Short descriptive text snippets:
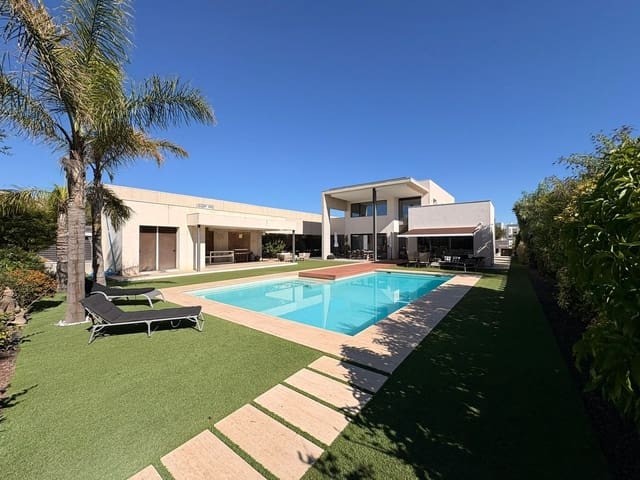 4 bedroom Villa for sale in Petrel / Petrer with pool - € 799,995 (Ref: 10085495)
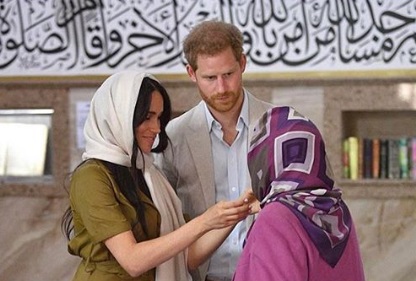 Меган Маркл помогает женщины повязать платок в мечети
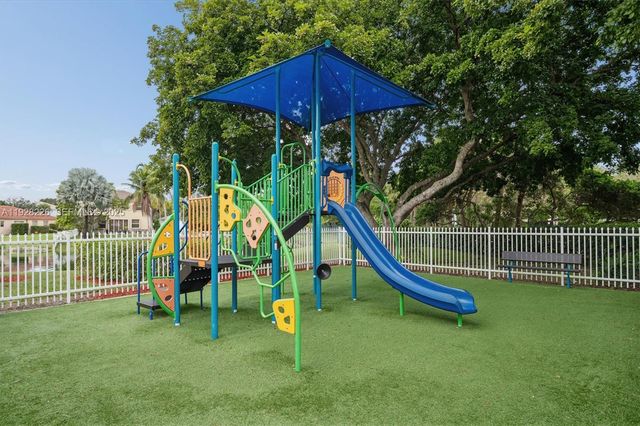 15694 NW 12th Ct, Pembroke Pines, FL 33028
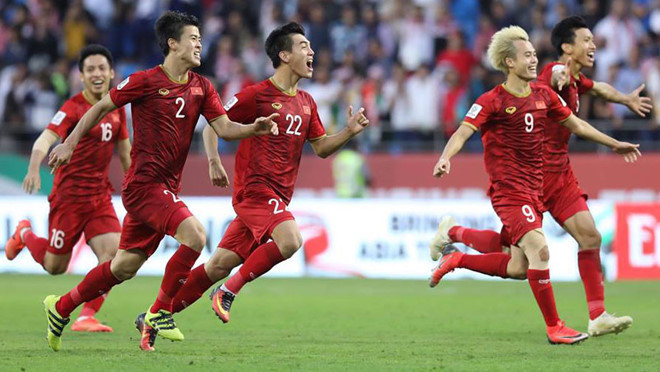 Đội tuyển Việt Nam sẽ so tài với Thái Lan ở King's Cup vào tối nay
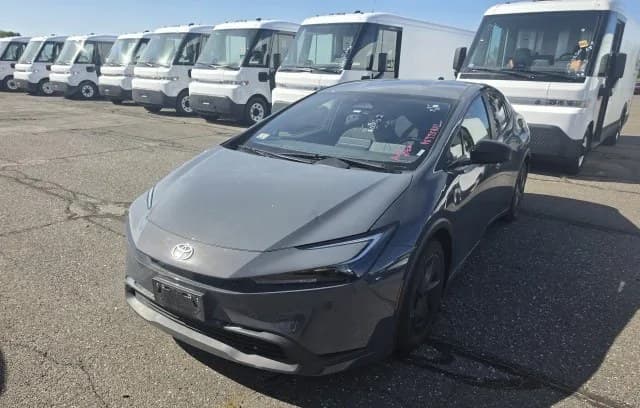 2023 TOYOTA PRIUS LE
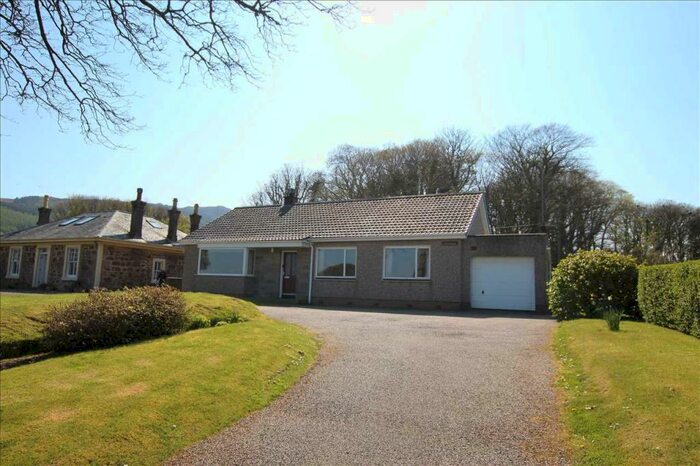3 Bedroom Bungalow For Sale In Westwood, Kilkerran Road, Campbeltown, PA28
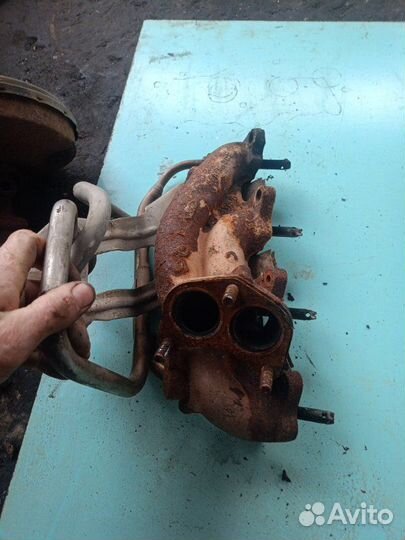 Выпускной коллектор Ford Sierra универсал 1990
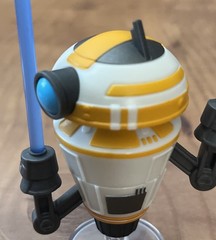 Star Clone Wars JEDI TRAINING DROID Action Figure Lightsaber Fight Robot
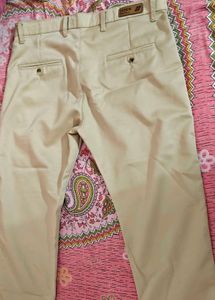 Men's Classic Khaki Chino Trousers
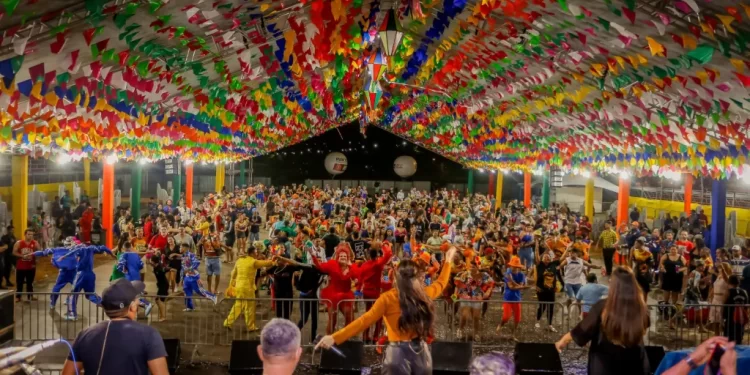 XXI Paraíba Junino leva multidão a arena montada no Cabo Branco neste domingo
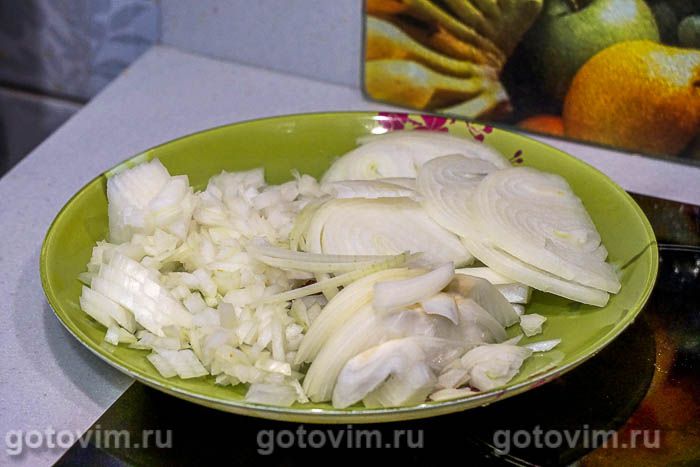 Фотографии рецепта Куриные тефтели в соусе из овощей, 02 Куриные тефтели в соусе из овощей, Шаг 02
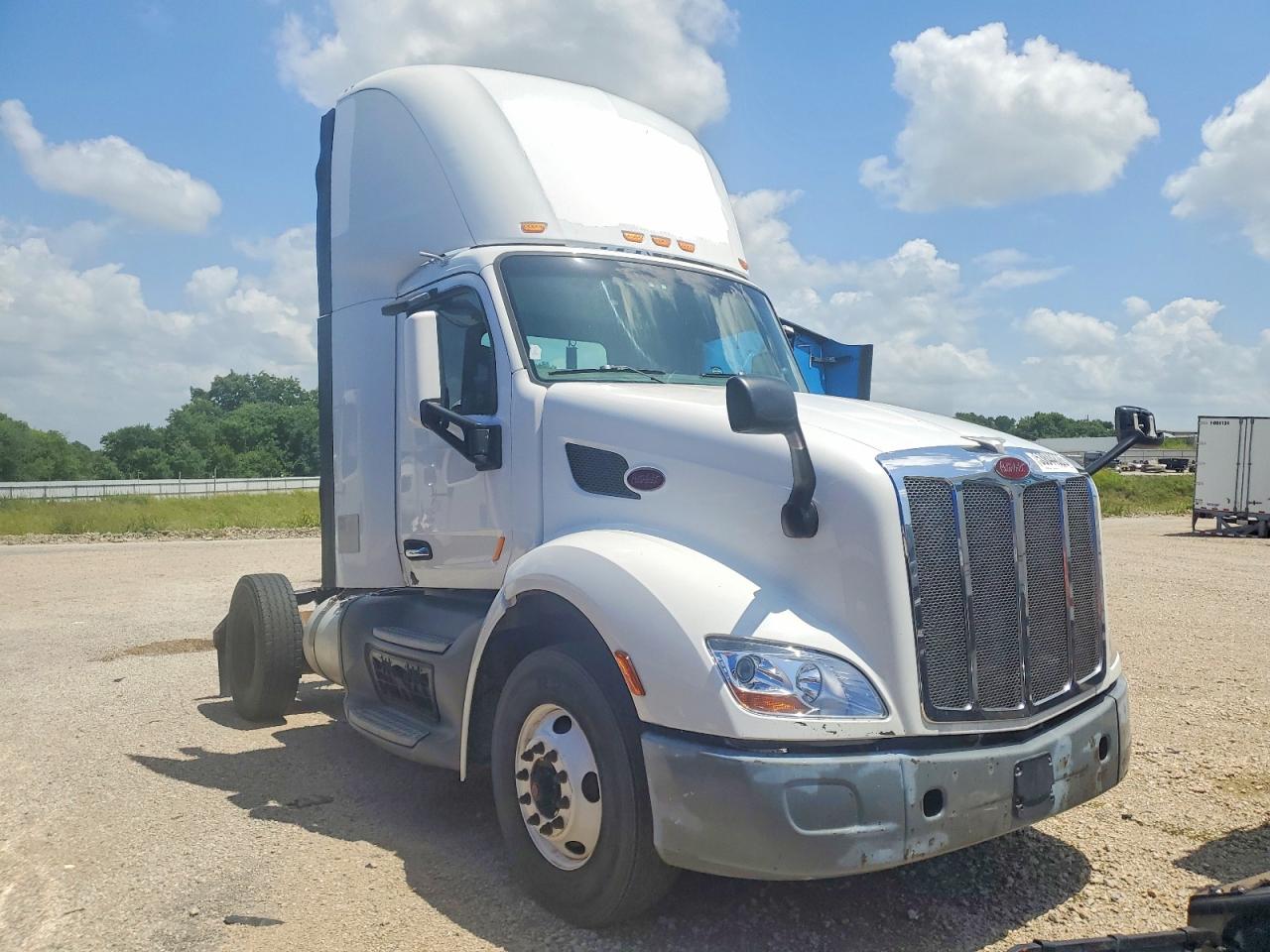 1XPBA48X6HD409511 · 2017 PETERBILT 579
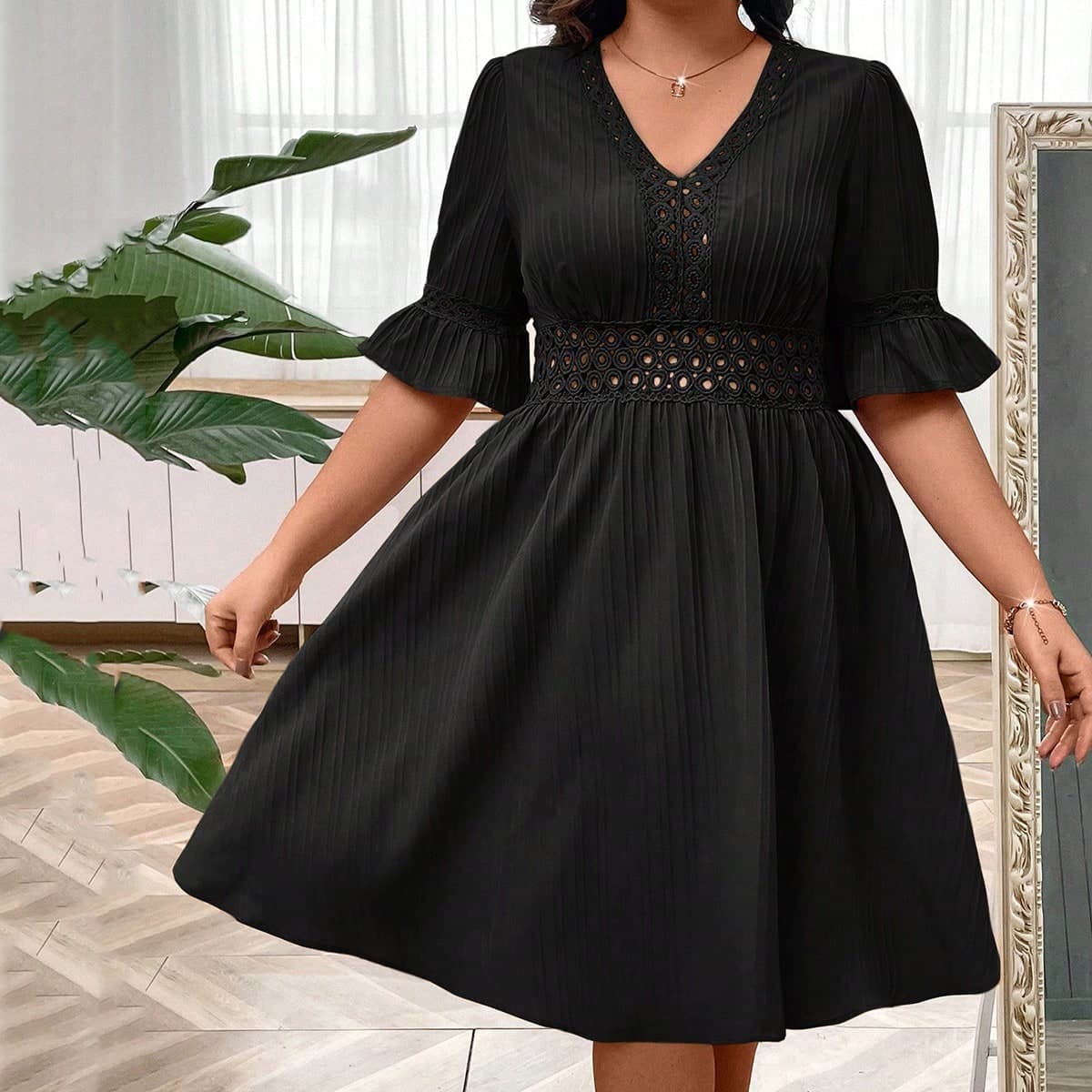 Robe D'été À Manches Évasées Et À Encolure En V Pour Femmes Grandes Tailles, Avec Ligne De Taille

### Problem details
Output nothing except the lines from the one containing "Меган Маркл помогает" through the final line of the entries, repeated exactly and free of pictures.

### Response to the exercise
 Меган Маркл помогает женщины повязать платок в мечети
 15694 NW 12th Ct, Pembroke Pines, FL 33028
 Đội tuyển Việt Nam sẽ so tài với Thái Lan ở King's Cup vào tối nay
 2023 TOYOTA PRIUS LE
3 Bedroom Bungalow For Sale In Westwood, Kilkerran Road, Campbeltown, PA28
 Выпускной коллектор Ford Sierra универсал 1990
 Star Clone Wars JEDI TRAINING DROID Action Figure Lightsaber Fight Robot
 Men's Classic Khaki Chino Trousers
 XXI Paraíba Junino leva multidão a arena montada no Cabo Branco neste domingo
 Фотографии рецепта Куриные тефтели в соусе из овощей, 02 Куриные тефтели в соусе из овощей, Шаг 02
 1XPBA48X6HD409511 · 2017 PETERBILT 579
 Robe D'été À Manches Évasées Et À Encolure En V Pour Femmes Grandes Tailles, Avec Ligne De Taille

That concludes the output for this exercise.